Tuesday, 28 January 2014

Nigeria: U.S.$10.8 Billion - Leadership Faults Auditor-General's Reply

In its determined effort to uncover the truth over the non-repatriation of crude oil revenue by the Nigerian National Petroleum Corporation (NNPC) to the federation account as claimed by the governor of the Central Bank of Nigeria (CBN), Sanusi Lamido Sanusi, LEADERSHIP has again written to the auditor-general of the federation (AuGF), Mr Samuel Ukura, for copies of the external auditor's report in his possession on audited accounts of the NNPC in the last five years (2009 to 2013).
LEADERSHIP had written to the AuGF over audited accounts of the NNPC in his possession, but he replied that his office does not audit NNPC's accounts in line with Section 85 (3) of the 1999 Constitution (as amended). He, however, claimed that he could provide a list of qualified external auditors from which NNPC and other statutory corporations, commissions and bodies created by an Act of the National Assembly shall appoint their external auditors.
Ukura disclosed that his office faces "professional and ethical threats" in discharging its constitutional role of "carrying out the vetting and periodic checks of the accounts of government statutory corporations, commissions etc including the NNPC operations".
But, apart from the reports of NNPC's external auditors in AuGF's possession, LEADERSHIP is requesting the reports of the last five periodic checks of the NNPC accounts conducted by the AuGF in accordance with Section 85 (4) of the 1999 Constitution and the last five external auditors that submitted to him reports of the audited accounts of NNPC. The request made by LEADERSHIP is anchored on the Freedom of Information (FOI) Act, 2011.

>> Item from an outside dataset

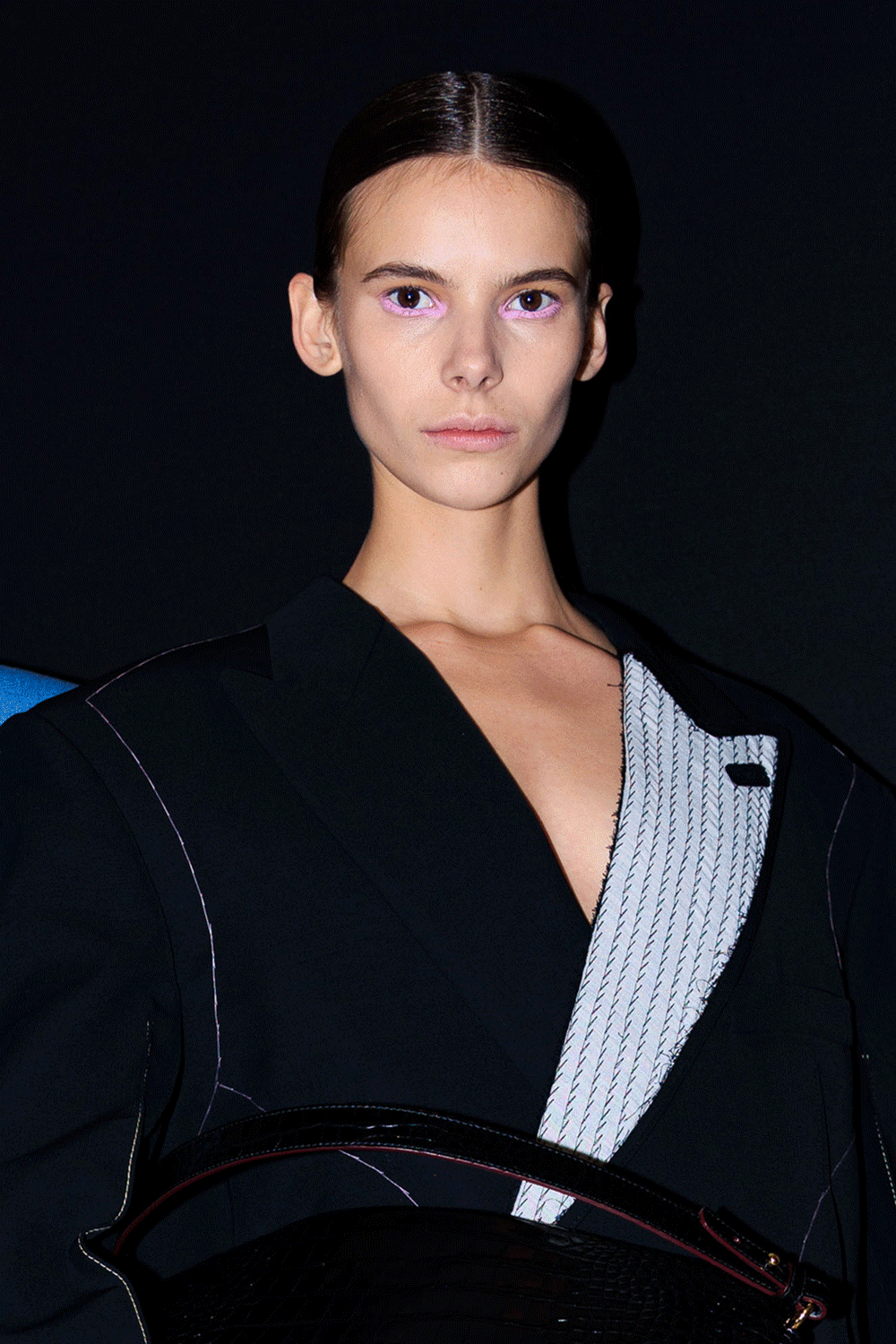 Victoria Beckham đã giới thiệu sản phẩm phấn mắt dạng kem mới trên sàn diễn Tuần lễ thời trang Paris.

Also, LEADERSHIP had written to the NNPC, CBN and the National Assembly requesting relevant information from these institutions that would help ascertain the correct position on the repatriation or non-repatriation of crude oil sales by NNPC to the federation account.
So far, none of the institutions has replied LEADERSHIP's request made over a month ago. The development is contrary to the provision of the FOI Act, 2011, which says in its Section 4 (a) that any public institution that receives an application for information has seven days to respond but can seek an extension not exceeding seven days, if it transfers the request to another public institution or the volume of document requested is large and extra time is needed to gather it. So far, NNPC, CBN and NASS have exceeded the legally required timeframe to respond and they have not consulted LEADERSHIP on how to respond to its request as specified by law.
Sanusi had in a letter dated September 25, 2013, drawn the attention of President Goodluck Jonathan to the "Non-repatriation to the Federation Account by the Nigerian National Petroleum Corporation (NNPC) of $49.8billion representing 76% of the value of crude oil lifting in 2012 and 2013". In the private letter, which later found its way into the public sphere, Sanusi told Jonathan that out of 594,024,107 barrels of crude valued at $65,332,350,514.57 lifted between January 2012 and July 2013, only $15,528,410,098.77, representing 24 per cent of the value, was remitted to the Federation Account by the NNPC, leaving $49.804 billion or 76 per cent of the value of oil lifted in the same period yet to be accounted for. NNPC's action, Sanusi said, "constitutes not only a violation of constitutional provisions but also of both the Foreign Exchange (Monitoring and Miscellaneous Provisions) Act No. 17 of 1995 and the Pre-Shipment Inspection of Exports Act No. 10 of 1996".
However, NNPC denied Sanusi's accusations. First, it accused Sanusi of playing politics over the issue and said he lacked knowledge of the "workings of the oil and gas industry and the modality for remitting crude oil sales revenue into the Federation Account".
NNPC spokesman Omar Farouk Ibrahim said the 24 per cent of total crude oil revenue receipts which Sanusi is reported to have acknowledged that NNPC remitted represents the proceeds from the equity lifting which NNPC is directly responsible for. The alleged unremitted 76 per cent was paid to the agencies that are statutorily empowered to receive them for onward remittance into the Federation Account.
Later, in a reconciliation meeting with the coordinating minister for the economy and minister of finance, Ngozi Okonjo-Iweala, and representatives of CBN, NNPC, Department of Petroleum Resources (DPR), the Federal Inland Revenue Service (FIRS), the Office of the Accountant General of the Federation, the Budget Office of the Federation, and the ministries of Finance and Petroleum Resources, the amount of $10.8 billion (about N1.74trillion), being revenue shortfall recorded between January 2012 and July 2013 for domestic crude receipts, could not be reconciled. Weeks later, NNPC said the amount was part of the subsidy payments and security for oil installations.
Not satisfied with the responses and reconciliations, LEADERSHIP has continued to push for the true picture of the issue in fulfilment of its constitutional role as a media organisation as enshrined in Section 22 of Chapter 2 of the 1999 Constitution of the Federal Republic of Nigeria (as amended).